Hundreds have vowed to boycott the arts organization if it doesn't dissociate from groups supporting Zionist goals
Hundreds of artists and arts organizations have signed a petition calling on the Koffler Centre of the Arts to divest and cut ties to the United Jewish Appeal (UJA) Federation.
“While the Koffler has shifted to a social justice mandate, presenting work that is critical of settler colonialism and working with numerous racialized and politicized artists and organizations, this has not been extended to the Palestinian context,” reads the petition, which is signed by organizations like the Chinatown Biennial, South Asian Visual Arts Centre and Xspace Cultural Centre.
“This is artwashing,” the petition states, “in service of obfuscating its relationships to funders that uphold Israeli apartheid, namely the United Jewish Appeal (UJA) Federation.”
The petition, which pledges a boycott of the Koffler Centre should it choose not to divest, says the UJA has “explicitly Zionist” goals.
The UJA’s strategic plan mentions strengthening Toronto’s Jewish community ties to Israel and a focus on combatting the Boycott, Divestment, Sanctions (BDS) movement. The latter is a Palestinian-led international movement inspired by the South African anti-apartheid movement and which calls on divestment from Israel.
The UJA is raising funds to support Israel and “initiatives related to the current crisis.” Eleven days of armed conflict between Israeli Defence Forces and Hamas in the Gaza Strip ended last week with an Egyptian-brokered ceasefire. More than 250 people were killed, the vast majority of them Palestinians.
The fundraising drive, according to the UJA’s website, is supported by, among others, real estate companies RioCan and Metropia.
Tony Hewer, director of marketing, communications and archives at Koffler, said in a statement: “The Koffler Centre of the Arts has received the joint letter from artists raising concerns about our organization and funding relationship. We take the views of the artistic community seriously and are engaging in internal dialogue about how to address the issues raised and provide a response.”
The Koffler has received the joint letter from artists raising concerns about our organization and funding relationships. We take the views of the artistic community seriously, and are engaging in internal dialogue about how to address the issues raised and provide a response. pic.twitter.com/qOj6GLvzHw— Koffler Centre Arts (@KofflerArts) May 25, 2021
The UJA once disassociated from a 2016 talk the Koffler Centre hosted with Angels In America playwright and Munich screenwriter Tony Kushner because he sits on the advisory board of a group called Jewish Voice for Peace (JVP). UJA said it opposed the JVP’s support for the BDS movement.
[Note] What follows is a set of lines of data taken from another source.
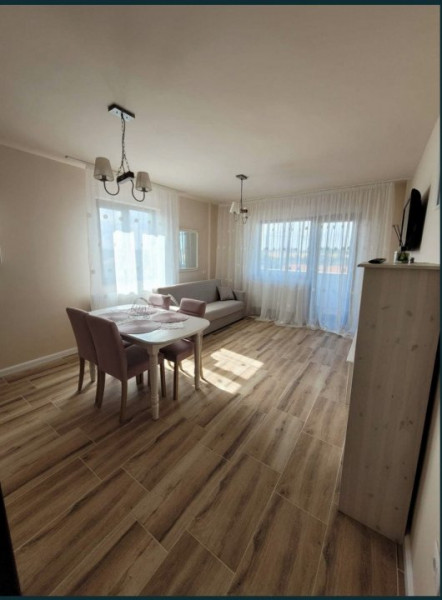 UcrainaHost 50/20 Apartament Mamaia Nord langa Hanul cu Peste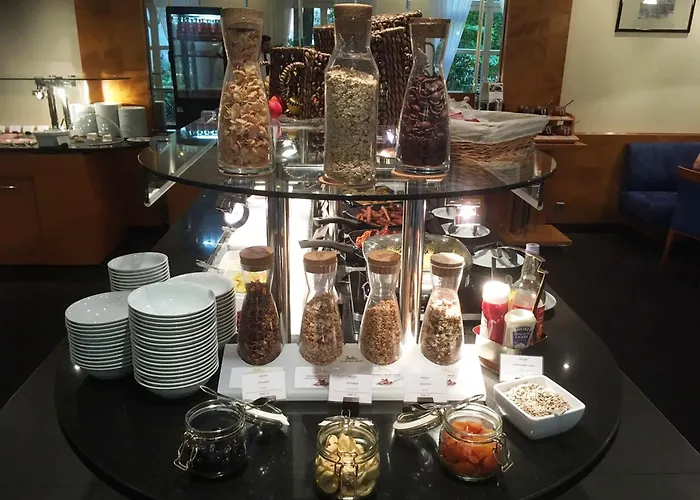 Mercure & Residenz Checkpoint Charlie 4* Berlin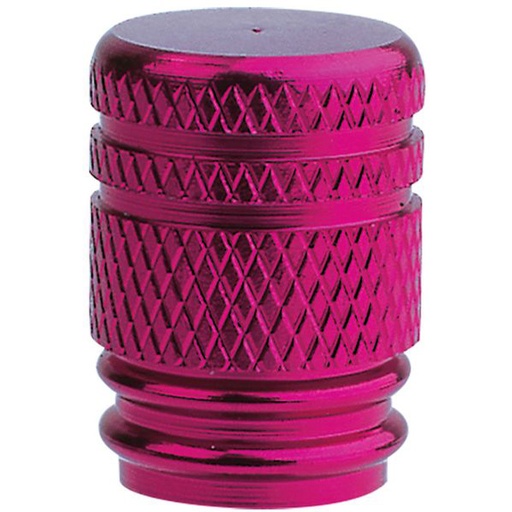 [OX762] Valve Caps Red 1-pair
Kushner, who is critical of Israel but didn’t support BDS at the time, told the Globe and Mail that he was “disgusted” with the UJA and compared the organization’s tactics to McCarthyism.
On top of calling on the Koffler Centre to divest from the UJA, the petition demands acknowledgement of “Zionist artwashing” and a public statement supporting the “decolonization” of Palestine. The petition also calls on the Koffler Centre to publicly state that it will not discriminate against artists who express anti-Israeli government views.
The petition describes a 2009 incident when the Koffler Centre cut programming with Jewish artist Reena Katz, aka Radiodress, who supported Israeli Apartheid Week, a series of lectures and rallies at the University of Toronto on the human rights situation in Palestine.
“To refer to Israel as an apartheid state is to call Israel a criminal state and to suggest that it be shut down,” Koffler’s former executive director Lori Starr told NOW’s Susan G. Cole at the time.
The petition notes that there has only been one instance where work by a Palestinian artist was showcased in Koffler’s 44 exhibitions. That was part of a group digital publication in 2020.
“For an organization whose mandate is ‘to value and foster social justice, equality and inclusivity,’ the absence of Palestinian narratives within its programming, or of critiques of the Zionist settler colonial movement, sends a clear statement on who deserves justice and equality and who doesn’t,” the petition states.
NOW has reached out to UJA for comment.